有名になったりひと儲けするために、自身の経歴を詐称したり、実際より実力や素顔を盛って見せることは、今や当たり前のことと見なされるようになってきましたが、種村季広は『文学的変装術』というエッセイのなかで、そうしたある意味でご都合主義的な“自己ブランディング”とは区別した特別な「変装」について取りあげています。
例えば、太宰治の未発表短編小説が発見されたと銘打って、まったくのニセモノをでっちあげる。ただし、文体や表現上の癖や年代的にいかにも取りあげそうなモチーフなども精緻につくりこんでおく。そうして、世の本好きや研究者たちを翻弄しつつ、それで何らかの対価を得てやろうなどという卑しいことは一切考えず、あくまでも知的な愉快犯としての立場を貫くこと。
変装家の才能の主たるものは、本来の自分ではないもの、すなわち他者に変身する同化能力であるが、そのためには同時に、本来の自分を消去する断食苦行僧にも似た意志的禁欲が必要とされる。(…)変装は何物かのための手段ではなくなって、それ自体が目的となる。変装術の極意ともいうべきものは、手段であったものが目的となるこの最後の転倒にあるに違いない。
その意味で、7月29日にふたご座から数えて「知的喜び」を意味する3番目のしし座で新月を迎えていく今週のあなたもまた、無意味なまでにストイックに手段の目的化を試みてみるといいでしょう。
異界を作りだす
最近はあらゆることがマーケティング的に語られ、誰も彼もがポジション・トークに徹しているようなディストピアへ、社会全体が一丸となってますます突き進んでいるように感じます。

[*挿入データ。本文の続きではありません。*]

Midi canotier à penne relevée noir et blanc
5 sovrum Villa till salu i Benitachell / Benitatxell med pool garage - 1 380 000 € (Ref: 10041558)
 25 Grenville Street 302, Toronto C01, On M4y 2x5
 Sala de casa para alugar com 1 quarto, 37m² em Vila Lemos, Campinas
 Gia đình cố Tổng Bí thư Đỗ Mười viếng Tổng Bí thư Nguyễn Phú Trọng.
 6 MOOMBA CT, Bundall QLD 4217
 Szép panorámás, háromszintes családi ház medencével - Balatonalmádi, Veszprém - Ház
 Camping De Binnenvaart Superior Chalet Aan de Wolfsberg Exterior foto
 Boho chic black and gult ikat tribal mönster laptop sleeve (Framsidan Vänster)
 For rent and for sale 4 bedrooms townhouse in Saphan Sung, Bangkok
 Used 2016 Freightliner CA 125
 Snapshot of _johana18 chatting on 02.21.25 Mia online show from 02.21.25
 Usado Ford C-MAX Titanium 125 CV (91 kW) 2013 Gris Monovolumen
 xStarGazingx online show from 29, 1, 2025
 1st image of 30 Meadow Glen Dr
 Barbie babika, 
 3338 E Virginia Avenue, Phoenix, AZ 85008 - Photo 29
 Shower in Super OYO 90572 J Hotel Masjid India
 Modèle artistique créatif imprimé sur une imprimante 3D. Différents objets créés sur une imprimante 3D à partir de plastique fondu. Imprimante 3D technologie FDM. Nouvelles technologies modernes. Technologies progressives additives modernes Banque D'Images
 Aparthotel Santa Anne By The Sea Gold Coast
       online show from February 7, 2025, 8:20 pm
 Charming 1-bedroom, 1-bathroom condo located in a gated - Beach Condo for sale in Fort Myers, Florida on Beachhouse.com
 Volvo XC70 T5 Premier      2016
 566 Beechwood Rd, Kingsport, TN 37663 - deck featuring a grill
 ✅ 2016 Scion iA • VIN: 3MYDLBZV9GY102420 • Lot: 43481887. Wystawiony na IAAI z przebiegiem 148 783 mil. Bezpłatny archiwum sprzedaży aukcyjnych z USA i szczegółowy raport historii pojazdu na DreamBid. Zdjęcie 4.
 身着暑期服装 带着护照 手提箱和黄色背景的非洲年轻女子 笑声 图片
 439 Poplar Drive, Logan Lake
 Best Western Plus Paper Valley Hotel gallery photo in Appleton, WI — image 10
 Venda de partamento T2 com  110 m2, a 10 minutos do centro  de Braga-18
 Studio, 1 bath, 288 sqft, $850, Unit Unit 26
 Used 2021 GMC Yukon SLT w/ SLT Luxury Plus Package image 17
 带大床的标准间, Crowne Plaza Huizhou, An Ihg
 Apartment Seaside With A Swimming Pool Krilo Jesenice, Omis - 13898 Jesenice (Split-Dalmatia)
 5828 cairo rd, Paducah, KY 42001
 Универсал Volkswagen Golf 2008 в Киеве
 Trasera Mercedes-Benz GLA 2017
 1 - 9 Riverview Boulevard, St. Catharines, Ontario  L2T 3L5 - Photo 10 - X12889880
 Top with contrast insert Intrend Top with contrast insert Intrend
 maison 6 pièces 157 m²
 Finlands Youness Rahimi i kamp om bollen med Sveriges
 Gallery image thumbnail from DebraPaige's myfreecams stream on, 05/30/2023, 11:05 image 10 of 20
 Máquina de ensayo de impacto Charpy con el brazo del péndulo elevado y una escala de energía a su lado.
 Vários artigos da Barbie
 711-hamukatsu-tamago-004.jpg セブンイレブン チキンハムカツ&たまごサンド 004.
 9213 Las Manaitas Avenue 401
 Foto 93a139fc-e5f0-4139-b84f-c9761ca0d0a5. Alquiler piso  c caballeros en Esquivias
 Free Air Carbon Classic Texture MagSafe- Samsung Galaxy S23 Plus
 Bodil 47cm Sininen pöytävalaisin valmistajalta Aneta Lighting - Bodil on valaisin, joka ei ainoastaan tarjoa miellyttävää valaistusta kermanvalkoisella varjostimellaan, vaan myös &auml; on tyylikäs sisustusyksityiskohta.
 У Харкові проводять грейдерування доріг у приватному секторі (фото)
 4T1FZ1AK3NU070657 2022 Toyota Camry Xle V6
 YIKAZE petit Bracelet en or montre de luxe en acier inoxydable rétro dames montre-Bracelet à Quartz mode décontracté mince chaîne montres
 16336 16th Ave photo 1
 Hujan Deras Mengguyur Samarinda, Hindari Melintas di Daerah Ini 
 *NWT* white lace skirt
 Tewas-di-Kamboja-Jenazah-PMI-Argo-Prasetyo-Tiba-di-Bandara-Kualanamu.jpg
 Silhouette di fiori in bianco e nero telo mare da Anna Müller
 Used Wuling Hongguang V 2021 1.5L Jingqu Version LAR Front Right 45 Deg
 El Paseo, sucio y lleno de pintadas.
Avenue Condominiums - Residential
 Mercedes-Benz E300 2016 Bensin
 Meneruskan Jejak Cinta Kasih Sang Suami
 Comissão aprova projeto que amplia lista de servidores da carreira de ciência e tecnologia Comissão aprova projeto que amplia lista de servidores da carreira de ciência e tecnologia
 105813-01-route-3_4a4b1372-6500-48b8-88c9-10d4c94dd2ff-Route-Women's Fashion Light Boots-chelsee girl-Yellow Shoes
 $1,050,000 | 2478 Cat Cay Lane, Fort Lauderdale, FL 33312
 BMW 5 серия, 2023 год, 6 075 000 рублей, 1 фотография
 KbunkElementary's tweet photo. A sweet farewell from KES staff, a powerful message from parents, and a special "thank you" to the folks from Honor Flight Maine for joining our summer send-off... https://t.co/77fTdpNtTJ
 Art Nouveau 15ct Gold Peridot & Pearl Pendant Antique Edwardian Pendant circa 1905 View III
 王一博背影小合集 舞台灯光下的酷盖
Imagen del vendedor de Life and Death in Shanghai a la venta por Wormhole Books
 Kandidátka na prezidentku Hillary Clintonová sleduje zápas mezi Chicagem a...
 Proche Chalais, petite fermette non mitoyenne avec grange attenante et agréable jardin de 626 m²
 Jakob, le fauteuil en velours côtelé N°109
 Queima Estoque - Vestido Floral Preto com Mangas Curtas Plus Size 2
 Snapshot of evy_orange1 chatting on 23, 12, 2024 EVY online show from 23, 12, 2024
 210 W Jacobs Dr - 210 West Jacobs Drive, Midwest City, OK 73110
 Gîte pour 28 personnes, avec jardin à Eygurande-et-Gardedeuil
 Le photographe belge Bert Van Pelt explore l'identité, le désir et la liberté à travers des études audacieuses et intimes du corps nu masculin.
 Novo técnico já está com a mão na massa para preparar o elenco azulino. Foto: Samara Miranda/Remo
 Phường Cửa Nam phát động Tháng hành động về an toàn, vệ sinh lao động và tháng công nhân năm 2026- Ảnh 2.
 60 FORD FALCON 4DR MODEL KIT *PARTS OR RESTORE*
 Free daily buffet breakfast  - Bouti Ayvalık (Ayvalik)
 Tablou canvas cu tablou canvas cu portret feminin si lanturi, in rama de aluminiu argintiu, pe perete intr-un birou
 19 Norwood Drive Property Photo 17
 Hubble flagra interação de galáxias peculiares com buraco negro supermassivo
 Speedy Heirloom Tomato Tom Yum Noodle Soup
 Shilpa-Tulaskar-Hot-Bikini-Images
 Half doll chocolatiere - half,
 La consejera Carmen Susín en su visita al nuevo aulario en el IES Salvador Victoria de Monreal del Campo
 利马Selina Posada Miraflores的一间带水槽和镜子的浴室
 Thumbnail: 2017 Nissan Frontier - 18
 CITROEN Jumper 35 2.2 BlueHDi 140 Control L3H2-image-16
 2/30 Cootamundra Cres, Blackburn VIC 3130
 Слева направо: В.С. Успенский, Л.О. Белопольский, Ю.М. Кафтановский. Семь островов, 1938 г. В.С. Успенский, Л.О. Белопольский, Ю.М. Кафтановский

一方で、そうした流れに反するために文化や教育というものがあるとして、もしそこで魂ということを前提に置くのなら、まず第一に「ここではない異界」を作りだすことを大事にしなければならないのではないか。そんな風に思います。
例えば、夜中に道で不意で出くわすノラ猫は、それは見事に異界を作りだします。社会の大人達からすれば、何でもないような意味の空白地帯である公園の一角に、猫がたたずむ。すると、生ぬるい七月の夜風はもう静まって、猫は柔らかい機械の振動へと変わり、いよいよ空気を震わせて、一瞬の内に月光を冴え冴えとしたブルーに様変わりさせてしまう。
そうした光景を垣間見たときの、「とんでもないものを見てしまった」という驚きこそが、魂をことほぐ最高の贈り物であり、それを感じ取っていくだけの余地や余白を生活や身体に作っていくことこそが、魂に対する敬意の払い方なのではないでしょうか。
まずは今のあなたの中に、新月の闇夜がそっと差し込んでくるだけの余地や余白が十分にあるかどうかから確認してみるといいでしょう。